While defendant had sought a trial order of dismissal at the close of the People's case, arguing that the People had failed to disprove her claim-of-right defense beyond a reasonable doubt, she failed to renew the motion after presenting evidence relevant to that defense, and therefore waived subsequent review of that determination (see People v Hines, 97 NY2d 56, 61 [2001]). In any event, we are of the opinion that the evidence, when viewed in the light most favorable to the prosecution (see People v Contes, 60 NY2d 620 [1983]), was legally sufficient to establish defendant's guilt of attempted petit larceny and attempted criminal possession of stolen property in the fifth degree.
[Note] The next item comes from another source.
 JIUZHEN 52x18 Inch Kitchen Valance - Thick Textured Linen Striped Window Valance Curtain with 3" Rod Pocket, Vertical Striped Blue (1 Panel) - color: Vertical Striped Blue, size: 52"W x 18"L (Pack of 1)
Furthermore, in fulfilling our responsibility to conduct an independent review of the weight of the evidence (see CPL 470.15 [5]; People v Danielson, 9 NY3d 342, 348-349 [2007]), we accord great deference to the factfinder's opportunity to view the witnesses, hear their testimony, observe their demeanor, and assess their credibility (see People v Lane, 7 NY3d 888, 890 [2006]; People v Bleakley, 69 NY2d 490, 495 [1987]). Here, defendant testified that she had brought back to the complainant's store a hair piece that she had previously purchased in order to exchange it; that she had been told that she could not exchange the item; and that she had walked out of the store with a different hair piece than that for which she had paid. Thus, even under defendant's version of the events, she is guilty of attempted petit larceny and attempted criminal possession of stolen property in the fifth degree.
Accordingly, the judgment of conviction is affirmed.
Pesce, P.J., Aliotta and Elliot, JJ., concur.